Our proposed Constitution would legally constitute the state of Aotearoa New Zealand in a new form and provide clarity concerning the powers that it has. Those powers have to be assigned to the Parliament, the Cabinet and public service, the Judiciary and the Head of State. The State would have vested in it all the powers as successor to the Crown in right of New Zealand. The realm of New Zealand would be abolished, as would the royal prerogative.
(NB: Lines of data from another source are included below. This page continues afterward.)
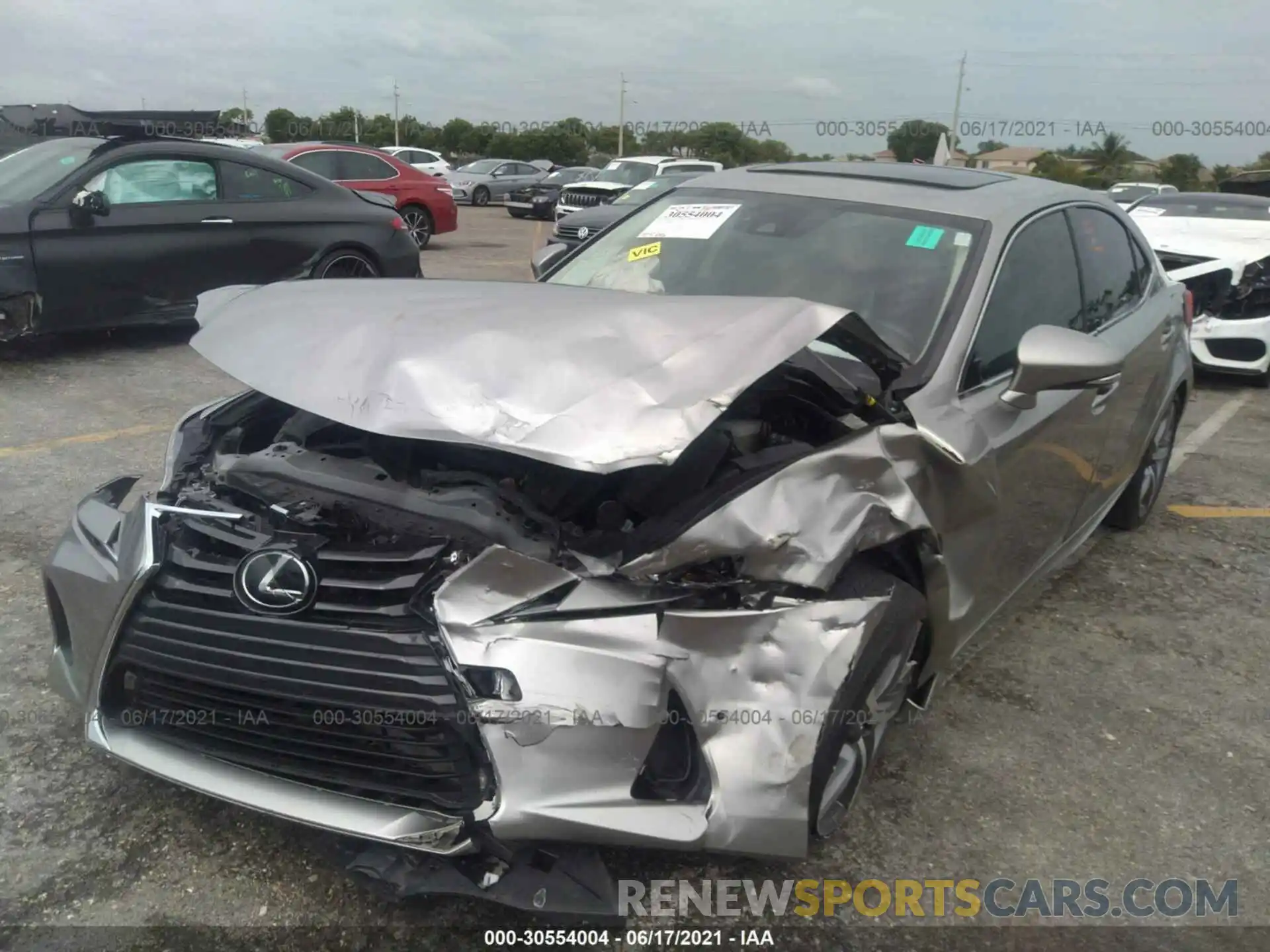 6 Photograph of a damaged car JTHBA1D28K5087061 LEXUS IS 2019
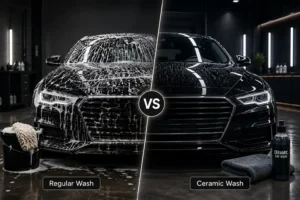 Ceramic Car Wash vs Regular comparison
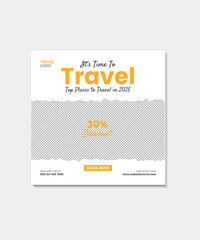 Hello Summer &ndash; Travel Deals Promotional Flyer Template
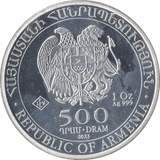 2023 1oz 500 DRAM ARMENIAN REPUBLIC .999 COIN NOAH'S ARK - SILVER WORLD COINS - Cambridgeshire Coins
The central democratic institution of the country is Parliament. In it are vested the legislative power and the financial power to tax. It settles the content of legislation, taxation and government expenditure. It is presided over by the Speaker. The Speaker should be elected from among MPs by secret ballot. We are also proposing the introduction of compulsory voting and lowering the voting age to 16. Parliament will have a fixed four-year term, not a three-year term as at present. Within government, business and political circles, there is a widespread consensus that three years is too little time to devise and enact good quality legislation; four years is much more realistic. However, people have—understandably, in the absence of checks and balances—been reluctant to give up the ability to throw out a Government at a general election on a three-year cycle. We believe that if the checks and balances proposed in our Constitution were adopted there would be strong support for a four-year term. Public feedback reinforced this view.

Further, fast law-making has produced mistakes and blunders. The taking of urgency will be restricted so that steps in the legislative process cannot be shortened at the whim of Government. The proposed Constitution improves law-making by requiring advance information about Government legislation and the publication of the Government’s legislative programme.

The Government

The executive authority of the State is vested in the Cabinet. The principles governing the functions and powers of the Cabinet and public service are set out in, and limited by, the proposed Constitution. It provides for the role of the Prime Minister and other ministers and their accountability to Parliament.

The way in which the powers are now distributed has enabled the abolition of the Executive Council, which previously we retained. It is simply unnecessary under the proposed arrangements.

Local government

The proposals include a set of principles to provide local government with some constitutional protection. The principles that local government frameworks must comply with are stated. These changes are important because local government is the arm of government nearest the people. It has important functions and is often restricted by central government legislation. Local government often finds itself with inadequate financial resources to carry out its responsibilities.

The Judiciary

The judicial power of the State is vested in the courts. Their constitutional protections and independence remain the same as they are now, in essential respects, as contained in the Constitution Act 1986. The major change is in the creation of a Judicial Appointments Commission, which is provided for in Constitution Aotearoa. The Commission will produce a shortlist of suitable appointees, from among which the Attorney-General will recommend someone for appointment. Since judges have increased powers under the proposed Constitution it is important that their appointment is removed from the political influence of Cabinet.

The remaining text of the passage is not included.